[[ Provided data, beginning ]]

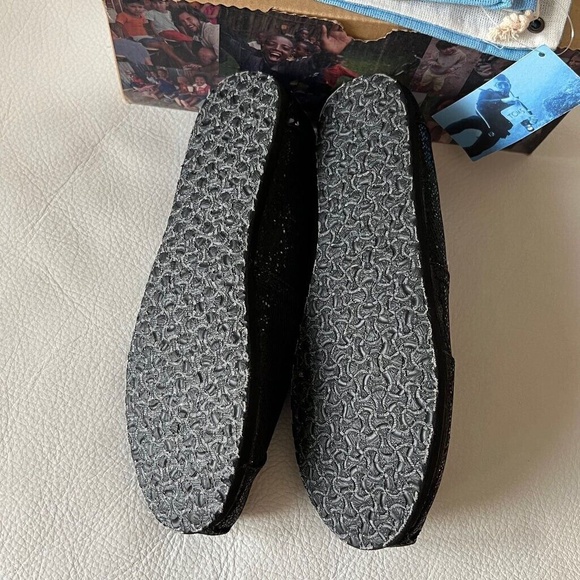 NEW in Box TOMS Youth Black Glitter Classics Slip on Shoes - Picture 3 of 3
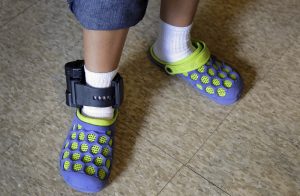 Una inmigrante salvadoreña lleva puesto un grillete electrónico en un albergue en San Antonio, Texas. Foto: AP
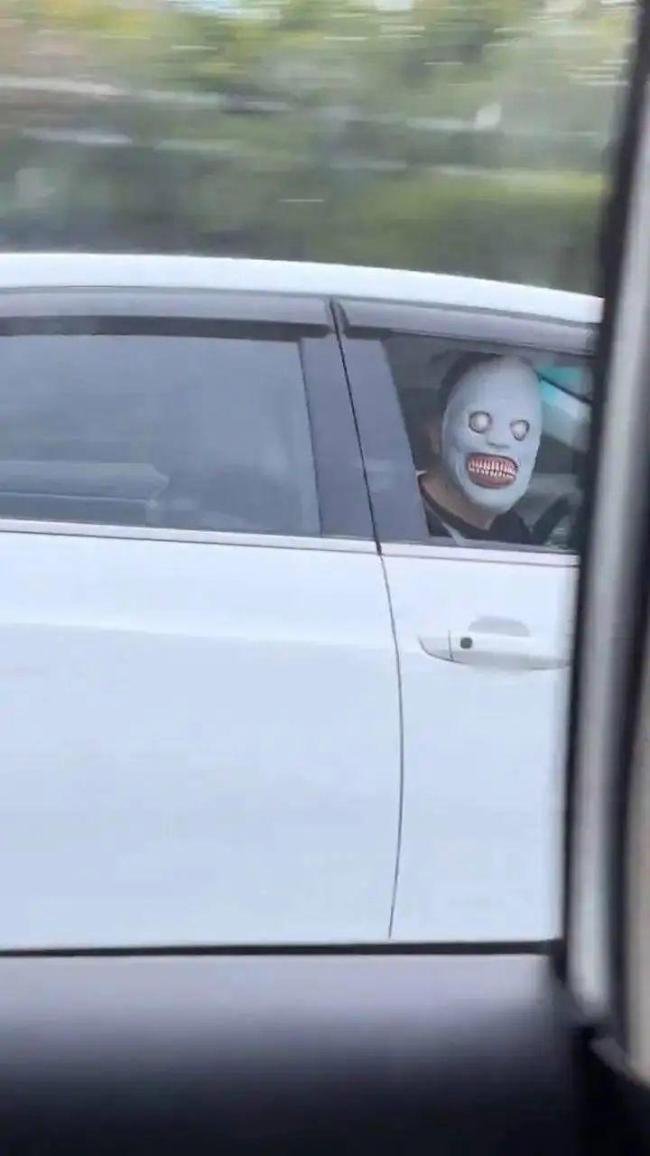 知情人回应戴恐怖面具者非故意吓人 实为节日道具引发误会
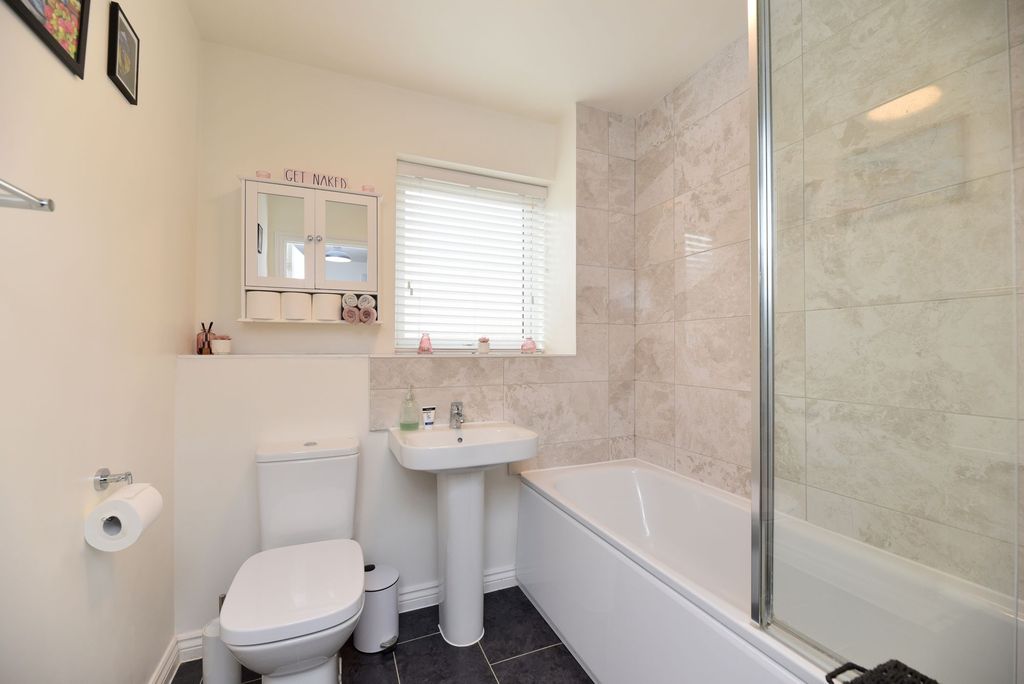 Additional image 15 of 2 bed flat for saleSullivan Court, Biggleswade SG18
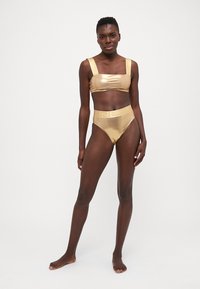 Versace Bikini felső - oro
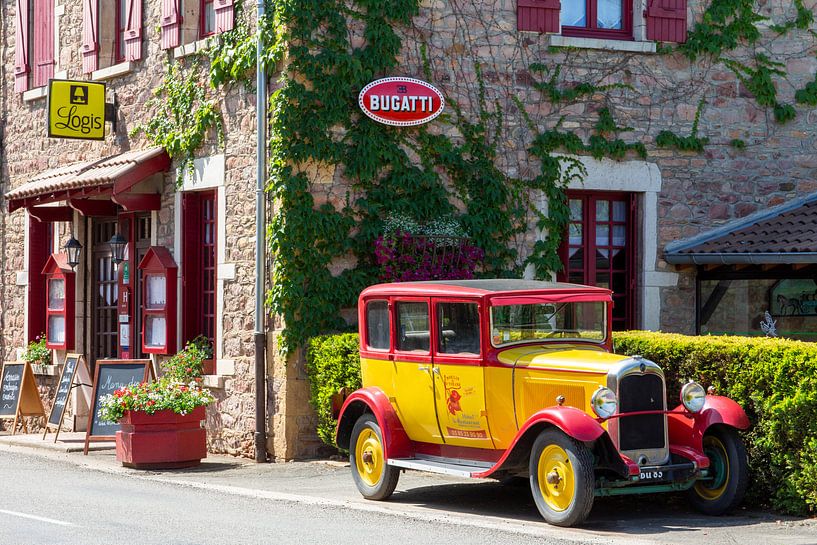 Französisches Hotel mit Oldtimer von Yolanda Hubert-Raaphorst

[[ Provided data, end ]]

● **Work order**: Without carrying over any picture, retype the records above word for word.

● **Exercise solution**:
 NEW in Box TOMS Youth Black Glitter Classics Slip on Shoes - Picture 3 of 3
 Una inmigrante salvadoreña lleva puesto un grillete electrónico en un albergue en San Antonio, Texas. Foto: AP
 知情人回应戴恐怖面具者非故意吓人 实为节日道具引发误会
 Additional image 15 of 2 bed flat for saleSullivan Court, Biggleswade SG18
 Versace Bikini felső - oro
 Französisches Hotel mit Oldtimer von Yolanda Hubert-Raaphorst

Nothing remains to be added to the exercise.